Let’s talk about social workers. In many ways, they are the scaffolding that holds up our society. They show up every day for the people they care for, and sadly, they often go unnoticed and unappreciated. We love our social workers at FosterAdopt Connect, and couldn’t do any of the work we do without them. So, in the spirit of National Social Worker Appreciation Month, here are five ideas of ways you can show your appreciation and support for the social workers in your life, be they friends, family, or coworkers.

A Night/Weekend Off

Social work can be exhausting, and no matter how passionate a person is about their work, burnout is a real risk. If you know a social worker who could use a break, going out of your way to set up a special “them day” could be just what they need. If they have kids, offer to watch them overnight. Maybe get them a gift card for a massage or spa day. You could even cook for them if they would be more interested in having some social interaction than being alone. Anything that will let them be free of responsibilities for a period and catch a breath (or two).

Notes of Encouragement

What’s better than receiving a heartfelt note about how awesome you are? Receiving a whole box of them! You can really go above and beyond by getting the contact information of important people in their life and having them write/send you their thoughts about the person and the work they do.
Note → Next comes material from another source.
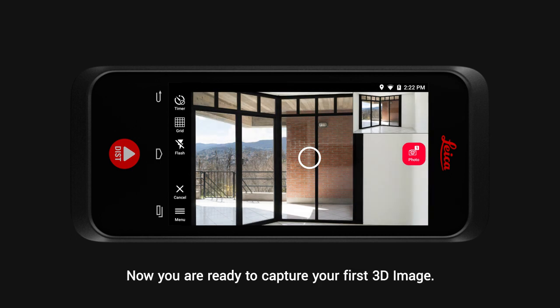Now you are ready to capture your first 3D image. Simply use one of these three options.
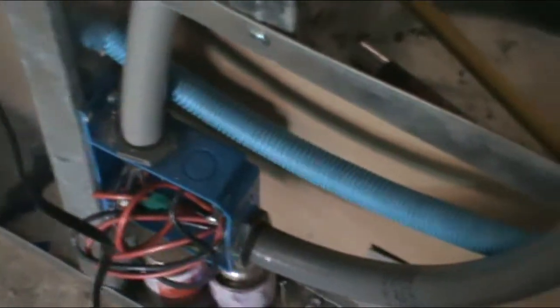Everything comes through here, and then this terminal box is for the 12-volt. Everything is running in conduits, and we've got a bunch of different kinds of conduit. This blue stuff is what you'd normally use for 12-volt. I ended up running some of it inside this other flex conduit because I had some of it. And for the most part, the 110 is running in this flex metal conduit.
Not only will it be a huge boost when they first receive the notes, but they can go to that box and pull one out any time they are feeling down or discouraged in the future.

Self-Care Kit

Often, social workers are so focused on caring for others that they forget to care for themselves. Find out what gives them that little serotonin boost. Bath bombs, candles, movie tickets, a favorite treat, a gift card to that special BBQ spot. It doesn’t have to be extravagant, but it should be something that reminds them that you care deeply for them and that they should care about themselves as well.

Honoring Confidentiality

Social workers are required by law to honor the Health Insurance Portability and Accountability Act (HIPAA). This law protects sensitive client information from being disclosed without their consent and is an essential part of the job. Because of this, social workers often can’t share information about their cases with anyone outside the case, which can be difficult for them when they are forced to internalize or compartmentalize heavy circumstances. Giving them the benefit of the doubt when they choose not to disclose information, while offering your general support, will help you avoid adding more pressure or tension than they are already experiencing.

Being On-Call

Maybe the best way that you can support the social worker in your life is just being present. Make sure that they know you are always available to chat if they need to vent or seek support. And because reaching out can be hard, be proactive by touching base with them to check in and share what is going on with you as well. It’s easy for social workers to isolate when they are overwhelmed with their workload or a particularly heavy case. Letting them know that you’re there, no matter what, can help break that downward spiral of isolation and overwhelm.

To any social workers reading this, we sincerely appreciate everything that you do. You’re worth celebrating, not only this month, but all year long!